Come se non bastasse, il Consiglio Superiore della Magistratura, richiede  al reggitore dell’importante procura di Palmi, i nomi dei giudici che si trovano compresi negli elenchi requisiti alla massoneria, Grandc Oriente d’Italia compreso. Questo è certamente l’episodio più grave, perché si configura come un vero e proprio attentato alla integrità dello Stato democratico, colpendolo nei suoi istituti più significativi conquistati dopo la caduta del fascismo, il diritto alla libertà individuale e il diritto di associazione. E ciò per almeno due ragioni: la prima, perché si infrange in tal modo il segreto istruttorio; la seconda, perché da tale segnalazione si vuole conoscere i nomi di quei magistrati nei confronti dei quali si ha in animo di adottare provvedimenti non certo orientati verso un avanzamento di carriera; e, si badi bene, non certo per un reato commesso, ma per il semplice motivo che essi hanno utilizzato il diritto garantito dalla Costituzione Repubblicana di associarsi partecipando ad una associazione legittima c come tale riconosciuta dalla Stato, quale è appunto la massoneria del Grande Oriente d ‘Italia.

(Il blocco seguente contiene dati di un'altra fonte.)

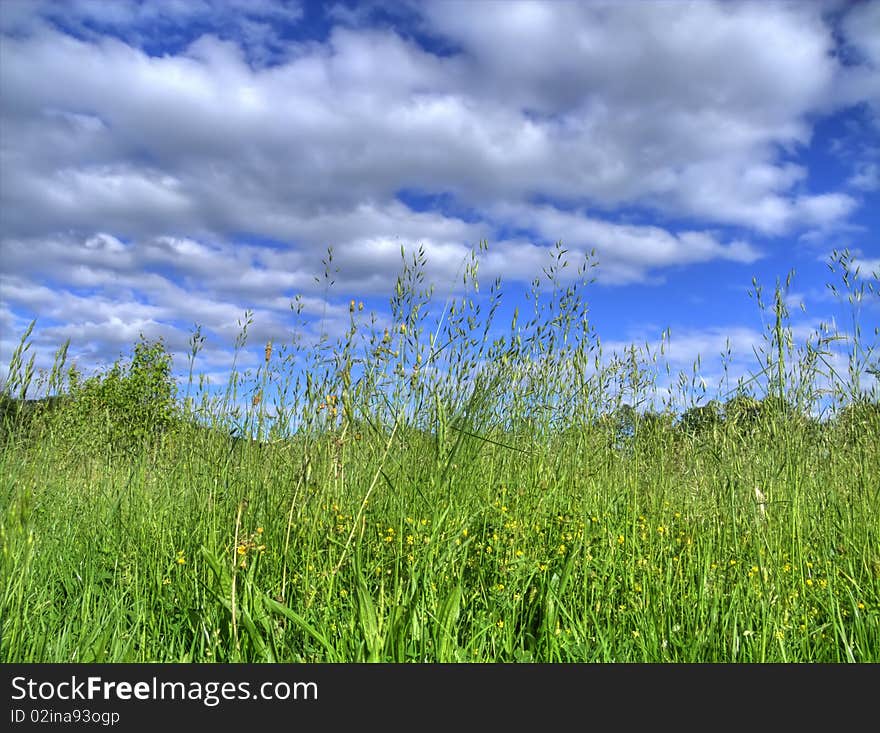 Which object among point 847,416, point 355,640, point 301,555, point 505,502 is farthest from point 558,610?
point 847,416

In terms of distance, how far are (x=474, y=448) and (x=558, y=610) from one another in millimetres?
712

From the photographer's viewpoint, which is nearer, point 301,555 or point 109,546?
point 301,555

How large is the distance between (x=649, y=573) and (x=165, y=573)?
202cm

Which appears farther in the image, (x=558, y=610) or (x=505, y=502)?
(x=505, y=502) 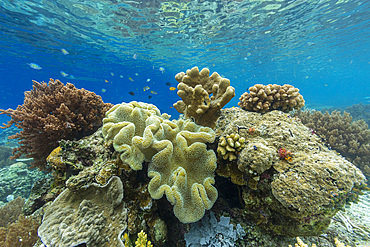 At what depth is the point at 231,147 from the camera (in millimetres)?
2459

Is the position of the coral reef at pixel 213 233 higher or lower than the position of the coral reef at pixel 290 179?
lower

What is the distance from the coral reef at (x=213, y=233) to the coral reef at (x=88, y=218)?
1127 mm

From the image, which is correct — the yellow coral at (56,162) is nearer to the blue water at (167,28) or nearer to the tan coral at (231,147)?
the tan coral at (231,147)

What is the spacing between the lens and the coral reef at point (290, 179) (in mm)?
1815

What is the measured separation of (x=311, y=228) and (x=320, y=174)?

Tutto ciò è grave per i riflessi, ma lo è ancor più per i presupposti. Si possono suddividere i cittadini tra buoni e cattivi solo in presenza di atti che consentano la formulazione di un tale giudizio. E una regola generale che certamente vale anche tra i selvaggi dell ‘Uganda. Non sembra valere invece  in questa Italia che, non comprendo per quali motivi, viene indicata come culla del diritto, ma che adesso sembra avviata a divenire piuttosto la bara del diritto. Prima di discriminare i giudici massoni da quelli non massoni e di discriminarli come è stato fatto a suo tempo con il giudice Vella, occorre accertarsi se l’associazione di cui essi fanno parte pretenda dai propri affiliati una fedeltà che va contro le leggi dello Stato e che tale fedeltà si contrapponga alla fedeltà che la funzione pubblica loro affidata esige nei confronti dello Stato. Ma questo certamente non è avvenuto. Potrei aggiungere che è stato sistematicamente evitato. Ciò sta a significare che si opera non in base a fatti accertati, ma a pregiudizi duri a morire oggi più che mai utili per attuare disegni eversivi, questi sì, occulti. E se questo accade nella magistratura è la morte di questa Italia repubblicana e democratica, è la morte dello stato di diritto, è il trionfo di una mentalità discriminatoria mai definitivamente scomparsa e che per tanti secoli ha guidato la mano pesante dell’inquisitore e gli ha consentito di “liberare” il mondo dal demonio con l’uso della tortura e del rogo.